Stored entries
======
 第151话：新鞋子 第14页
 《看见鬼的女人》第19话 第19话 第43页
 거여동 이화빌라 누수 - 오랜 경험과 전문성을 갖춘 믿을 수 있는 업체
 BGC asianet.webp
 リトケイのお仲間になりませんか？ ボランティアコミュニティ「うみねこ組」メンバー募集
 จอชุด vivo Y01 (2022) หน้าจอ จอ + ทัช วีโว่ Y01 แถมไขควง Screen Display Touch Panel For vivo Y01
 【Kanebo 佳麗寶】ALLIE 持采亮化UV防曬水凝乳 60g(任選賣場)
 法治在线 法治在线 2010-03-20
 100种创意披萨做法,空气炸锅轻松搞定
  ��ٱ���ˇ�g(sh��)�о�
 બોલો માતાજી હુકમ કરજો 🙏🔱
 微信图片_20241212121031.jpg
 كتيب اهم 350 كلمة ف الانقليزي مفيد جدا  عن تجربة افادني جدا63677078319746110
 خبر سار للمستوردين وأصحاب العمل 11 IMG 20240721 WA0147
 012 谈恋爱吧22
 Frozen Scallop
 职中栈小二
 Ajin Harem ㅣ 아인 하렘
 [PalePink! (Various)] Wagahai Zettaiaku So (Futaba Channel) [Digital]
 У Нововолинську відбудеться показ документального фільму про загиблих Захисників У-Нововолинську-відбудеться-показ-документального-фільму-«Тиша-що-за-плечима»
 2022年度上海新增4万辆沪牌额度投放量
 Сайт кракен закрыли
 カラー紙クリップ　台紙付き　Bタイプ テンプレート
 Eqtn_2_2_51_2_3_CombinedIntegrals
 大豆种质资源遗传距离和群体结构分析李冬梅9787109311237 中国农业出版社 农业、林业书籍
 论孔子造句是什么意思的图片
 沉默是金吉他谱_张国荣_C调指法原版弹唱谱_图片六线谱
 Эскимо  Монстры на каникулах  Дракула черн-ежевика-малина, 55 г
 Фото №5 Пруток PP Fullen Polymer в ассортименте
======
What the exercise asks
Every entry above must be copied exactly.

Result below
 第151话：新鞋子 第14页
 《看见鬼的女人》第19话 第19话 第43页
 거여동 이화빌라 누수 - 오랜 경험과 전문성을 갖춘 믿을 수 있는 업체
 BGC asianet.webp
 リトケイのお仲間になりませんか？ ボランティアコミュニティ「うみねこ組」メンバー募集
 จอชุด vivo Y01 (2022) หน้าจอ จอ + ทัช วีโว่ Y01 แถมไขควง Screen Display Touch Panel For vivo Y01
 【Kanebo 佳麗寶】ALLIE 持采亮化UV防曬水凝乳 60g(任選賣場)
 法治在线 法治在线 2010-03-20
 100种创意披萨做法,空气炸锅轻松搞定
  ��ٱ���ˇ�g(sh��)�о�
 બોલો માતાજી હુકમ કરજો 🙏🔱
 微信图片_20241212121031.jpg
 كتيب اهم 350 كلمة ف الانقليزي مفيد جدا  عن تجربة افادني جدا63677078319746110
 خبر سار للمستوردين وأصحاب العمل 11 IMG 20240721 WA0147
 012 谈恋爱吧22
 Frozen Scallop
 职中栈小二
 Ajin Harem ㅣ 아인 하렘
 [PalePink! (Various)] Wagahai Zettaiaku So (Futaba Channel) [Digital]
 У Нововолинську відбудеться показ документального фільму про загиблих Захисників У-Нововолинську-відбудеться-показ-документального-фільму-«Тиша-що-за-плечима»
 2022年度上海新增4万辆沪牌额度投放量
 Сайт кракен закрыли
 カラー紙クリップ　台紙付き　Bタイプ テンプレート
 Eqtn_2_2_51_2_3_CombinedIntegrals
 大豆种质资源遗传距离和群体结构分析李冬梅9787109311237 中国农业出版社 农业、林业书籍
 论孔子造句是什么意思的图片
 沉默是金吉他谱_张国荣_C调指法原版弹唱谱_图片六线谱
 Эскимо  Монстры на каникулах  Дракула черн-ежевика-малина, 55 г
 Фото №5 Пруток PP Fullen Polymer в ассортименте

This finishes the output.